I guess what I’m saying is that context colours everything and there’s degrees of context that makes something OK or not OK. I think he’s got even more right by his context in that he’s sending up hip hop. The one thing I find funny was that article on The Vine where hip hoppers responded to S.Mouse and it was funny because I love hip hop and everything but for god’s sake there are vast paddocks of really bad, cynical, offensive, shallow, no-point hip hop and suddenly they create some alternate reality where it’s Soulja Boy and Vanilla Ice but besides that it’s pretty much all these sincere political geniuses with good hearts like Gil Scott-Heron and Chuck D? And it’s so not true. Like what percentage of modern hip hop is something along the lines of Gil Scott-Heron saying the revolution won’t be televised? It’s a very slim bracket of the pie. Anyway, you can’t trust me on these thing I don’t get offended by much.
Finally does being nominated for a Logie mean anything to you? Umm, well, I’ve got nothing against it. There was one year I think it was Vs. God and we got nominated.
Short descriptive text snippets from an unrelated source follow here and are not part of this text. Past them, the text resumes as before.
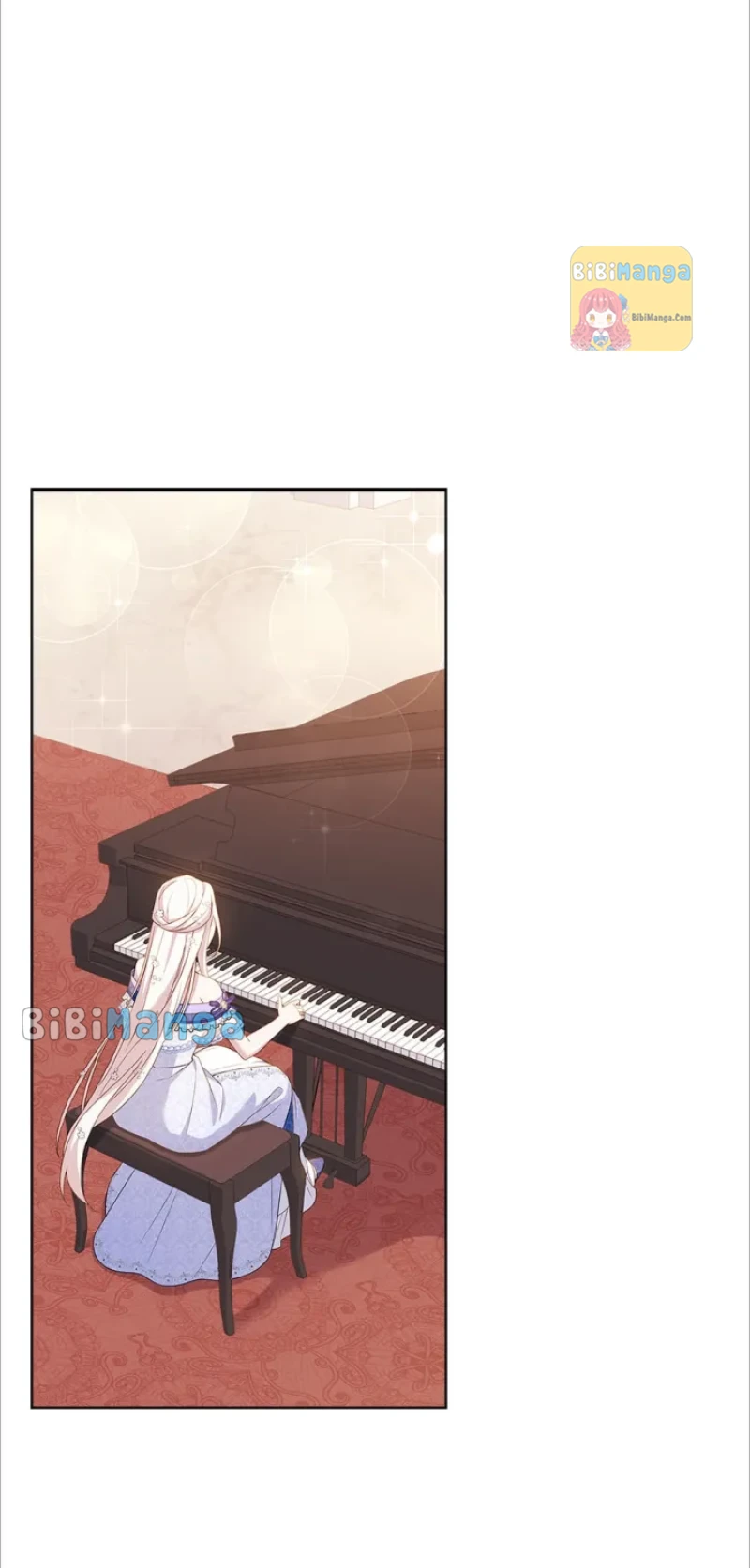 The Lady Wants to Rest - Chapter 91 Page 2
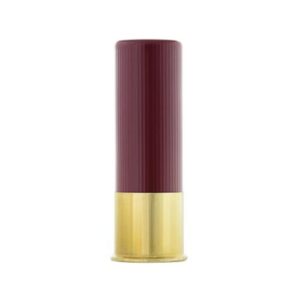 Aguila Standard Velocity 16GA 2-3/4" 1oz 1200FPS #7.5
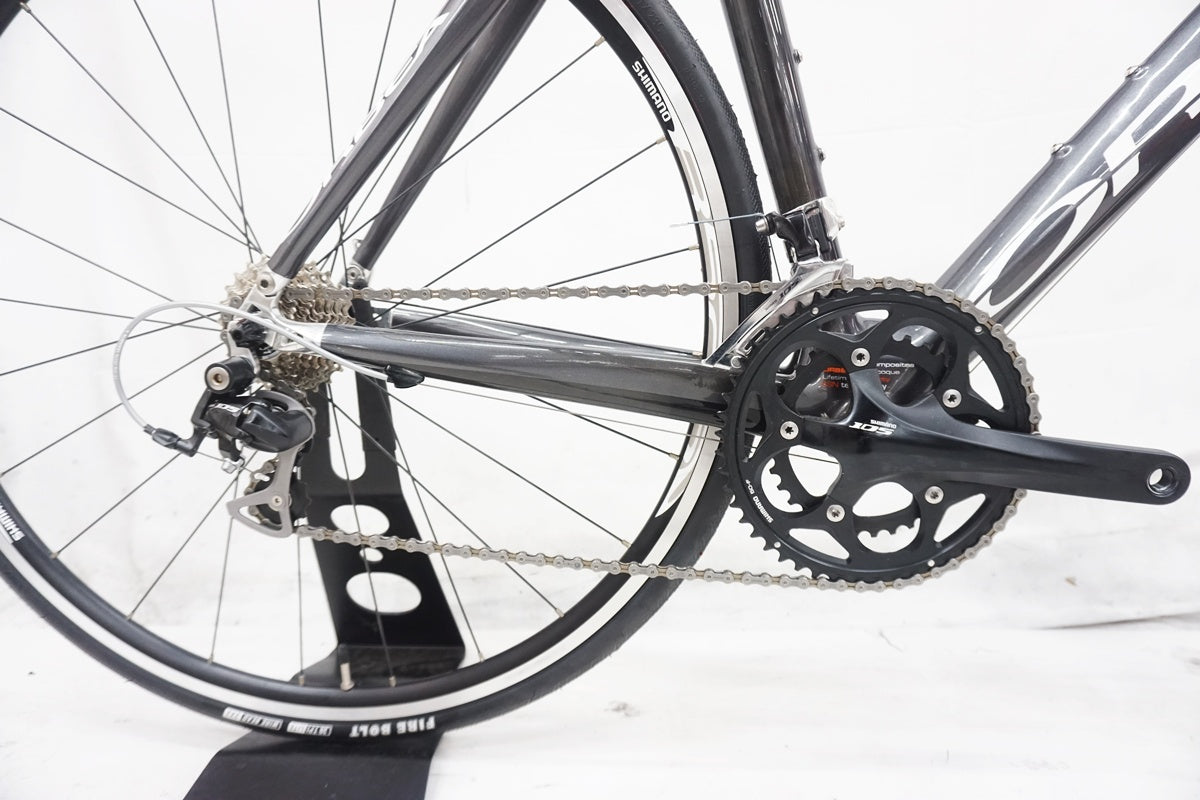 ORBEA 「オルベア」 ONIX 2010年モデル ロードバイク/ 大阪美原北インター店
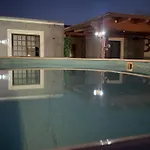 Catalinas Fuerteventura Σπίτι διακοπών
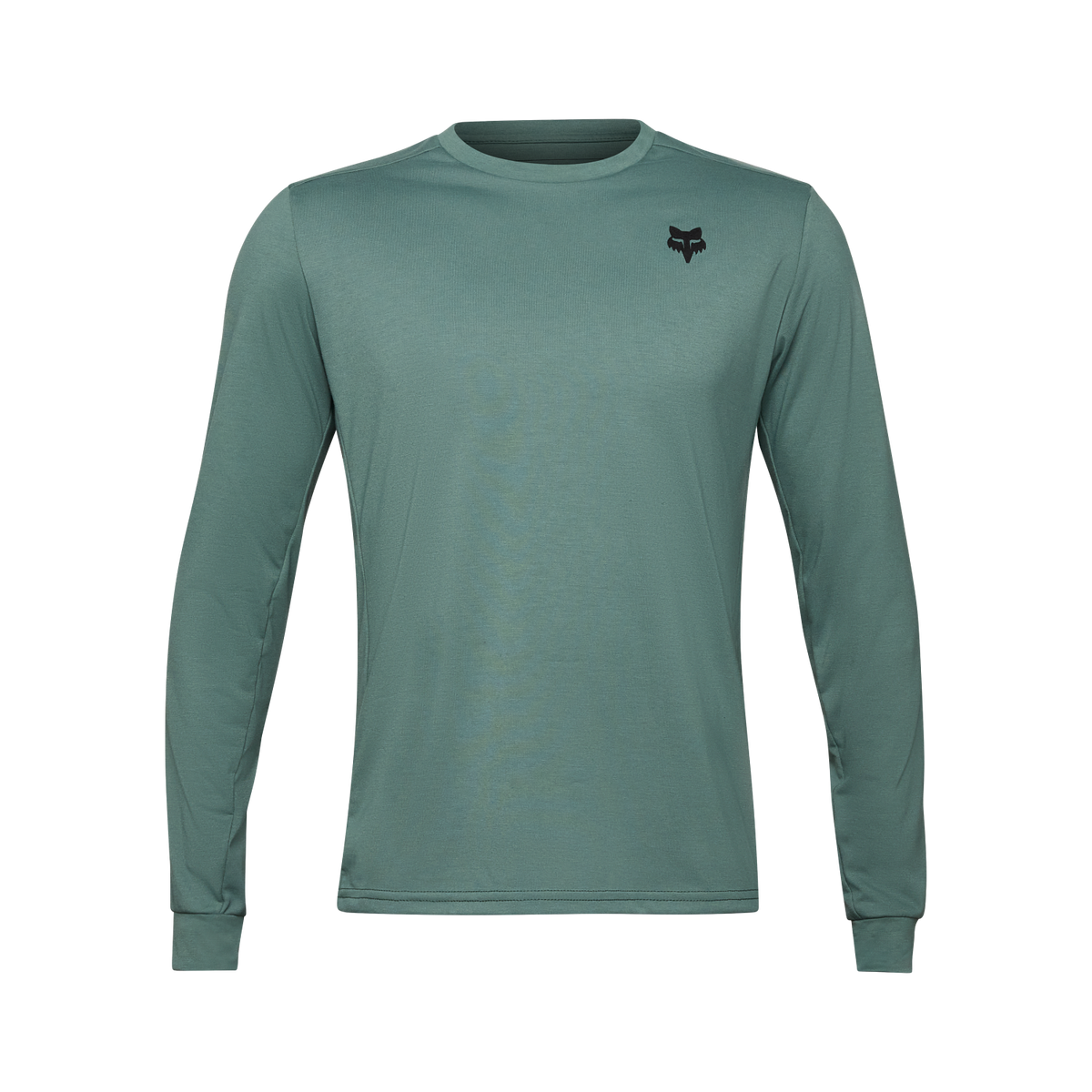 Ranger Drirelease Long Sleeve Jersey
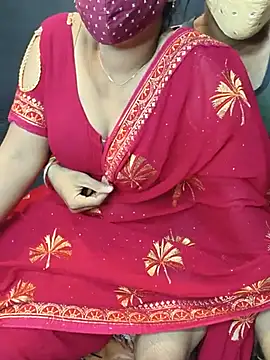 Sexy_bhabhi_anjali0 - Show ass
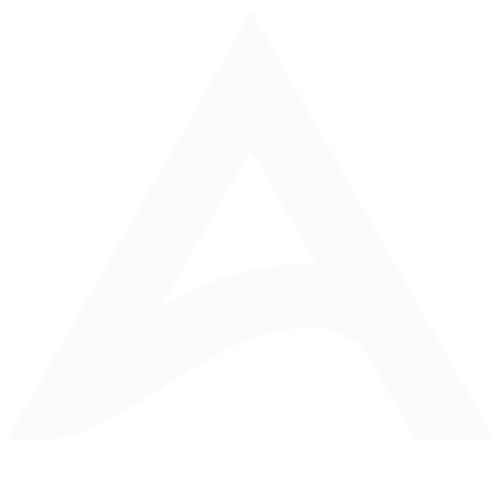 atrinwebdev LLC
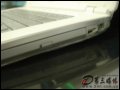 [ͼ7]VAIO VGN-CR33/W(Ӣض2 T8100/1G/160G)ʼǱ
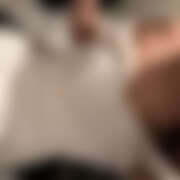 ヒメ日記 2025/10/22 17:49 投稿 りの パイの巣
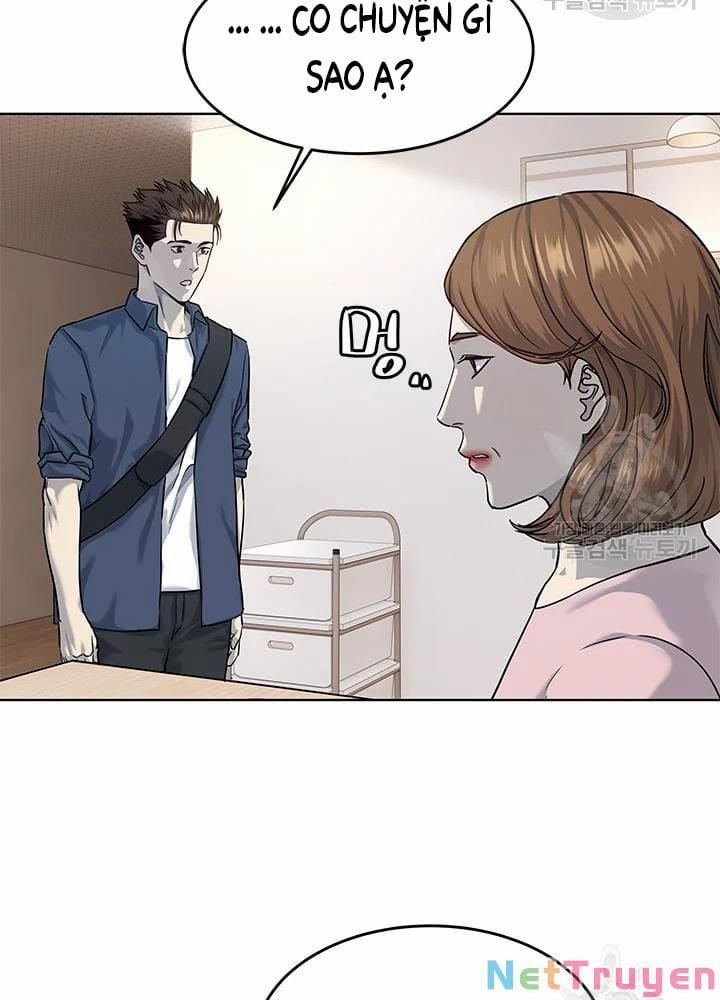 Đội Trưởng Lính Đánh Thuê 113 trang 63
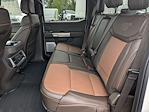 New 2025 Ford F-250 King Ranch Crew Cab 4x4 Pickup for sale #T08157 - photo 15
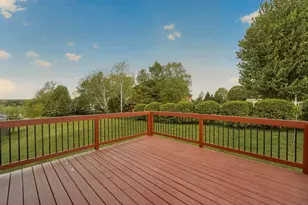 2350 Ponderosa Dr SW, Rochester, MN 55902 - Photo 29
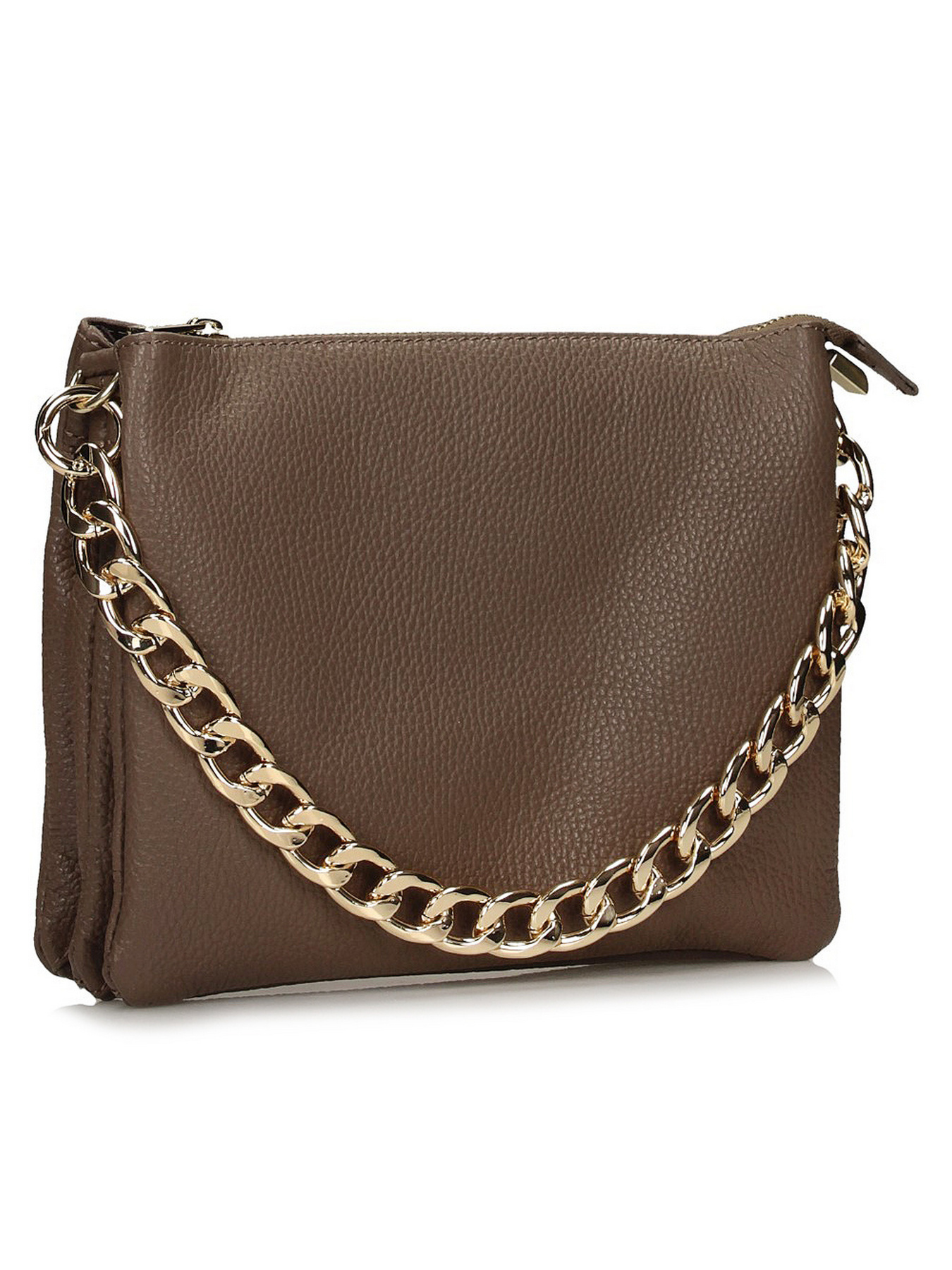 Клатч Toscanio модель E128BEZD40 Фото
Then months later this SBS woman told me “You do know there was a deadlock in the room.” Like every other station just sticks up for their own so if you’re from Channel Nine you’ll be loyal to Channel Nine shows but apparently this SBS person with their stupid SBS morals said “I guess the fair thing to do is not to vote for John” and she abstained from voting or voted elsewhere and I lost it. SBS made me lose my Logie. Having said that it’s a lot of fun going to the Logies. It’s like some weird night where you see these people that you’ve only seen on ads. Suddenly you’re in some corridor with Guy Sebastian or Andrew G while playing scrabble on your phone.